Opponents of Cuomo’s casino gambling proposal doubt it will be much better.
“I thought it was a very slick move on his part to wrap a casino inside a convention center. They’re both bad ideas,” says Paul Davies, a fellow at the Institute of American Values in Manhattan. He bemoaned the fact that former Gov. Mario Cuomo had denounced gambling in his 1994 book The New York Idea as “economically regressive.” Unlike his son today.
“The other guy who’s a real disappointment is Mayor Bloomberg,” Davies says, adding that the billionaire once on the record opposing casino gambling has “completely rolled over.” Davies also predicted that if Genting gets its casino license, then smoking will be permitted indoors, another blow to Bloomberg’s public health image, because the casinos don’t want anybody leaving a slot machine to take a smoking break. The whole prospect has Davies depressed.
“Go into Aqueduct. It looks like the Port Authority bus terminal,” Davies says. “There’s a lot of sad, desperate people in there plowing their money into a machine thinking they’re going to get rich. It’s an addictive, bad business.”

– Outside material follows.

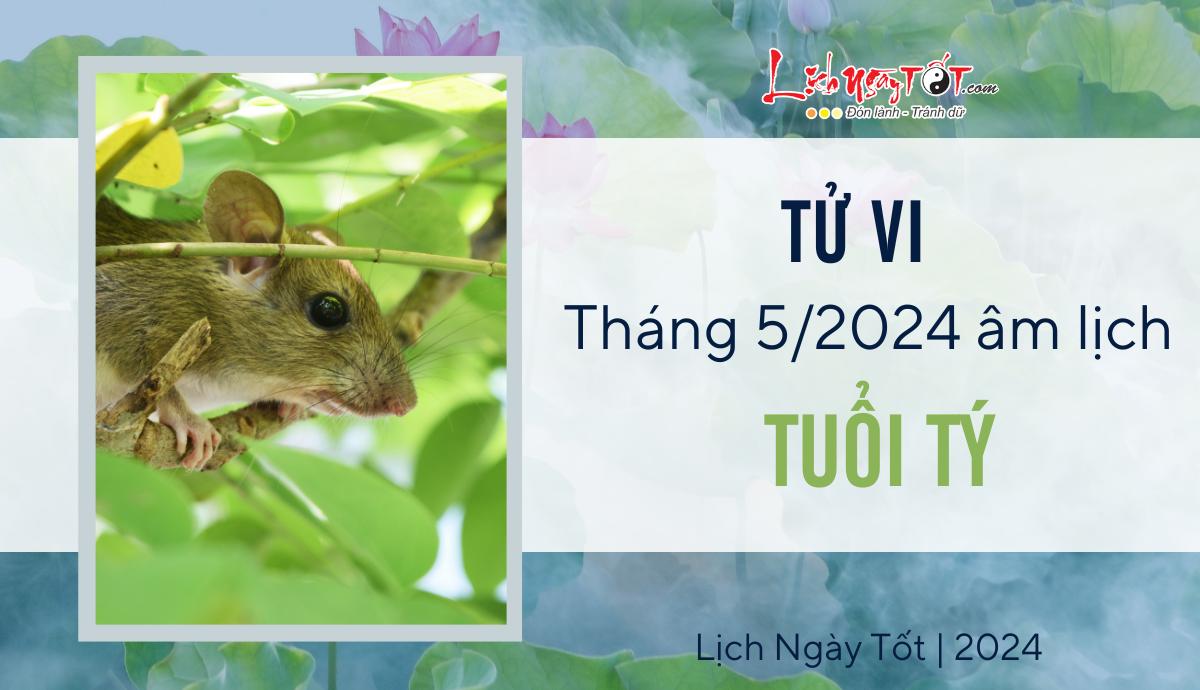 tu vi thang 5/2024 tuoi Ty am lich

Davies notes that Moody’s Investors Service says that Mohegan Sun’s parent company “faces a wall of debt” and that both Mohegan Sun and Foxwoods in Connecticut are “teetering.” Elsewhere it’s been reported that revenue at Atlantic City’s casinos has declined five years in a row, despite having a slight gain in December. The city’s 12th casino is set to open in May.